FS: You know, to be quiet frank with you, the United States, I mean the American administration, they don't do anything to help us stop the insurgents. If one politician or a writer has a sinister thinking, he would conclude that the United States wanted to keep talking about insurgents crossing the border to Iraq in order to justify the difficulties that the United States is facing inside Iraq. You have to put the blame on somebody, you can't blame it on the American people because the American people were not in favor of this war or perhaps other wars, and the American administration did not make a referendum to ask American people whether they want this war or not. Even the European Union, which is a partner, an ally to the United States, not all of them wanted this war. From the beginning they had there own reservations. The American troops went to Iraq on there own, without even calculating the difficulties, without expecting what they are going to confront inside Iraq. Again, I am referring to Bremer's memoirs. He is a simple man in my view, but what he has written is very deep.

EP: But why didn't you stop those buses? You could have done that then, you could have stopped the recruiting here in Damascus.

FS: We never recruited anyone. Not not-the Syrian government, not recruited anybody and sent to Iraq, for sure. But I am telling you the truth. No border is a 100 percent safe.

EP: But, lets go back…

FS: Neither the Syrian -Iraqi border, nor the American - Mexican -Canadian border…

EP: Fair enough…

FS: Or the Afghani-, for instance, Iranian border. I mean this is something to do with motive. People, some people, when they see there are American tanks in that country, they do anything to cross the border. They do anything. They even sacrifice their lives to cross the border to confront these tanks. This is, I mean if you read history, this is history. This step doesn't have to have assistance from any other people. It is personal, ideological motive. I give you a realistic example. The United States went to Iraq to find out whether there was mass destruction weapon. They didn't find that, and they said at one time they were after al Qaeda in Iraq. There was no Qaeda there. But now there is. Why? As though they attracted al Qaeda from Afghanistan, from Egypt, from Algeria, from Syria if there were any, from Lebanon, from Jordan, from Saudi Arabia definitely because they are the homeland of the al Qaeda, or used to be.

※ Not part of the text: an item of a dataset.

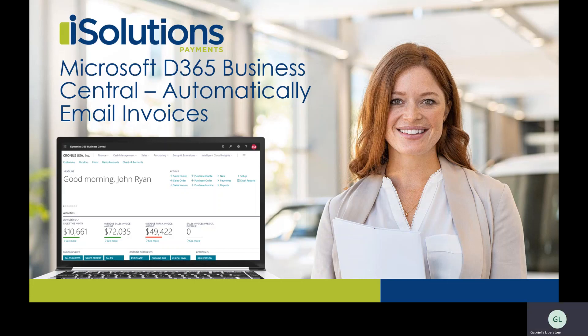Hi, I'm Gabriella from iSolutions and today I'm going to be showing you how to use the iPayment app to automatically email out invoices once you post them in Microsoft Dynamics 365 Business Central.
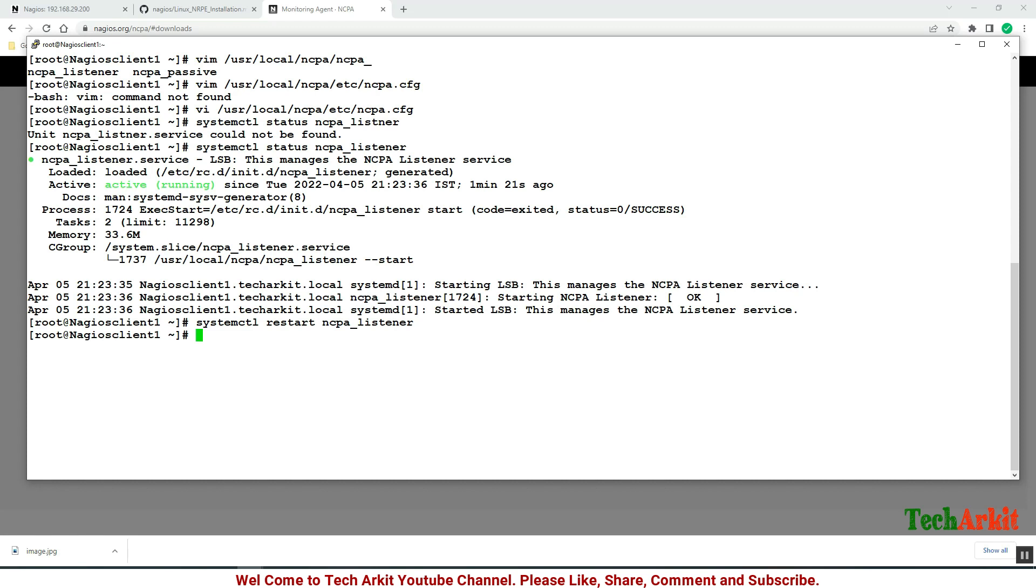We have to add the firewall rule here to allow port 5693. firewall-cmd --zone=public --permanent --add-port=5693/tcp and reload this config to take effect.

EP: If there was recruiting going on here then, and there was, then did you move to stop it?

FS: Of course. You know we never had relations with al Qaeda, even when they ruled in Afghanistan.

EP: I'm not talking about al Qaeda, I am talking about young men from the Arab countries who came here to fight.

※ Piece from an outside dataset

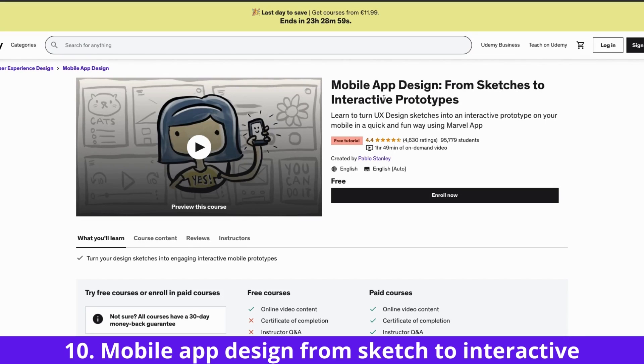The last on my list is Mobile App Design from Sketch to Interactive Prototypes, and this one is from Udemy and it's free, so you can also check it out.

FS: Then we come to the Baathists. You know we are two parties different from each other. I mean, unfortunately, for a long time the Baath party has two branches and they do not belong to one political structure. On the contrary, they used to clash with each other on ideological bases and even on Iraq-Syria confrontation. The Iraqi Baathist who have been armed before the war, you know, because that was the regime's… the, Saddam's regime's idea, they had the weapons with them when they were dismantled. Then, when the Americans came, they had to face these people, 3 or 4 million Baathists, armed people. They had an ideology and they are going to fight the Americans. Not all of them, of course — not all of them like Saddam. Not all of them like the Americans. Some of them hate Americans, some of them hate Saddam, but at least some of them would fight with the Americans. We have nothing to do with them. We didn't send them. There is no need to send anybody to Iraq, Iraq is a 25 million people.

EP: Do they come here, these Baathists?

FS: Now, those normally Iraqis who come here, you know sometimes you stamp the Iraqis as though they are one color, they are different colors. People run away from fighting and some other people cross the border in order to fight. I mean this is the nature of human being.

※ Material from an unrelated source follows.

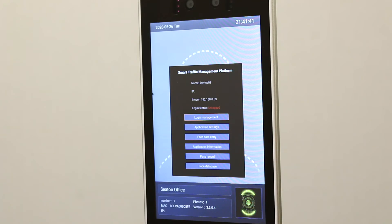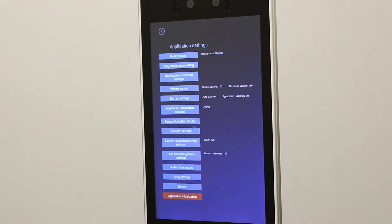Step two, click application settings. Step three, click body temperature settings.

EP: Moufak al-Rubaie has said that Syria was harboring thousands, he said, of senior Baathists, Sunni insurgents and…

FS: This man talks nonsense. He doesn't know. Officially he has some tag that he is in charge of security but if you just read what President Bush says, and is still saying, the security is not the responsibility of the Iraqis. Now, this new strategic plan is to hand over some security business to the Iraqis, but not before. So, no man can claim that he knows the security of Iraq, no Iraqi government official can claim that.

EP: President Talibani said that he wanted you to hand over some members of the old regime here. Who is he asking for?

FS: You know now there is a very complicated picture. The scene in Iraq is a very sensitive one. There are government officials that would like to see old Iraqis come together in a broader spectrum of reconciliation. So the Baathists are a part of this spectrum, part of the reconciliation if they do believe in the political process. Some Iraqis who live in Syria would like to join the political process or at least President Talibani thinks this is a way to broaden the spectrum of the political process. So he imagines from the information that he has got that there are people that are ready to join the political process because Syria has been calling for Iraqis to join rank and file and to work for a particular political process that would end occupation eventually.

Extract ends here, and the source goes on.